The Intel PyTorch team has been collaborating with the PyTorch Geometric (PyG) community to provide CPU performance optimizations for Graph Neural Network (GNN) and PyG workloads. In the PyTorch 2.0 release, several critical optimizations were introduced to improve GNN training and inference performance on CPU. Developers and researchers can now take advantage of Intel’s AI/ML Framework optimizations for significantly faster model training and inference, which unlocks the ability for GNN workflows directly using PyG.

In this blog, we will perform a deep dive on how to optimize PyG performance for both training and inference while using the PyTorch 2.0 flagship torch.compile feature to speed up PyG models.

Message Passing Paradigm

Message passing refers to the process of nodes exchanging information with their respective neighbors by sending messages to one another. In PyG, the process of message passing can be generalized into three steps:

  1. Gather: Collect edge-level information of adjacent nodes and edges.
  2. Apply: Update the collected information with user-defined functions (UDFs).
  3. Scatter: Aggregate to node-level information, e.g., via a particular reduce function such as sum, mean, or max.

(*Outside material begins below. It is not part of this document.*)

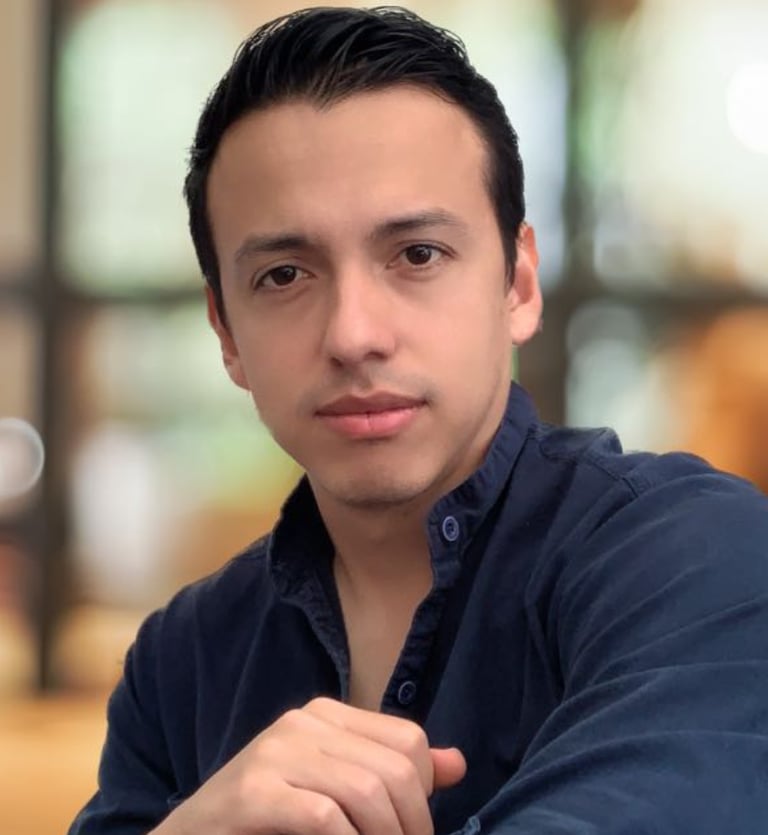 Professional portrait of a young man with dark hair wearing a navy blue button-down shirt.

Figure 1: The message passing paradigm

Figure 1: The message passing paradigm (Source: Matthias Fey)

Message passing performance is highly related to the storage format of the adjacency matrix of the graph, which records how pairs of nodes are connected. Two methods for the storage format are:

  • Adjacency matrix in COO (Coordinate Format): The graph data is physically stored in a two-dimensional tensor shape of [2, num_edges], which maps each connection of source and destination nodes. The performance hotspot is scatter-reduce.
  • Adjacency matrix in CSR (Compressed Sparse Row): Similar format to COO, but compressed on the row indices. This format allows for more efficient row access and faster sparse matrix-matrix multiplication (SpMM). The performance hotspot is sparse matrix related reduction ops.

Scatter-Reduce

The pattern of scatter-reduce is parallel in nature, which updates values of a self tensor using values from a src tensor at the entries specified by index. Ideally, parallelizing on the outer dimension would be most performant. However, direct parallelization leads to write conflicts, as different threads might try to update the same entry simultaneously.

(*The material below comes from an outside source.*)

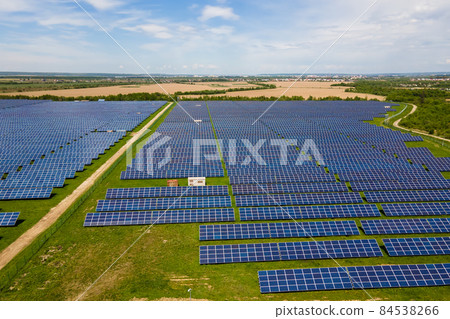 Aerial view of big sustainable electric power plant with many rows of solar photovoltaic panels for producing clean ecological electrical energy. Renewable electricity with zero emission concept. 84538266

Figure 2: Scatter-reduce and its optimization scheme

Figure 2: Scatter-reduce and its optimization scheme (Source: Mingfei Ma)

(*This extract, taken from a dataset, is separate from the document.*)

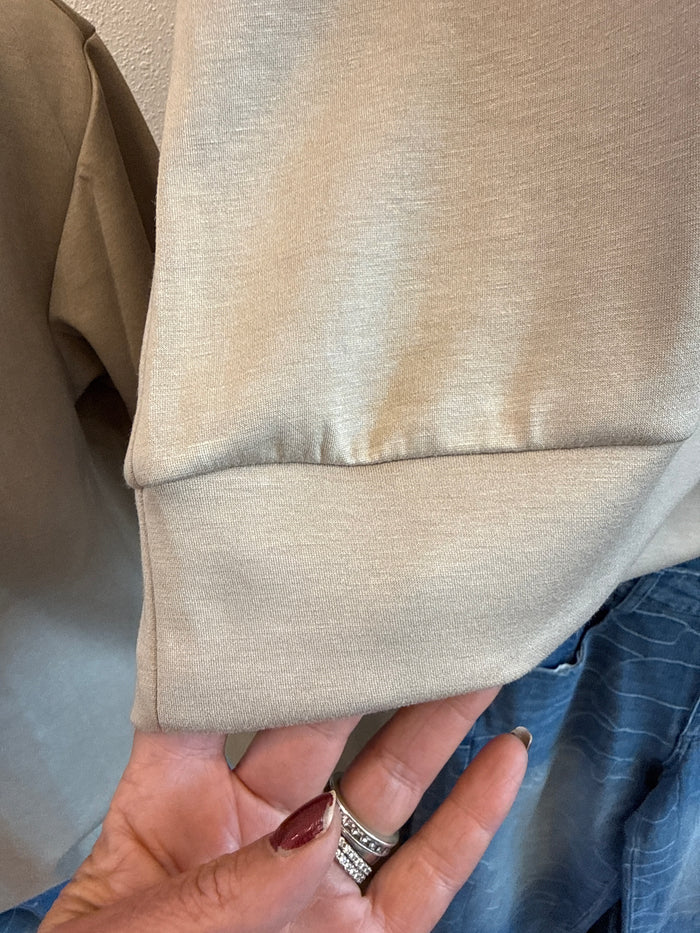 Sleeve cuff detail on a light taupe lightweight quarter-zip sweatshirt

To optimize this kernel, we use sorting followed by a reduction:

  • Sorting: Sort the index tensor in ascending order with parallel radix sort, such that indices pointing to the same entry in the self tensor are managed in the same thread.
  • Reduction: Paralleled on the outer dimension of self, and do vectorized reduction for each indexed src entry.

For its backward path during the training process (i.e., gather), sorting is not needed because its memory access pattern will not lead to any write conflicts.

SpMM-Reduce

Sparse matrix-matrix reduction is a fundamental operator in GNNs, where A is sparse adjacency matrix in CSR format and B is a dense feature matrix where the reduction type could be sum, mean or max.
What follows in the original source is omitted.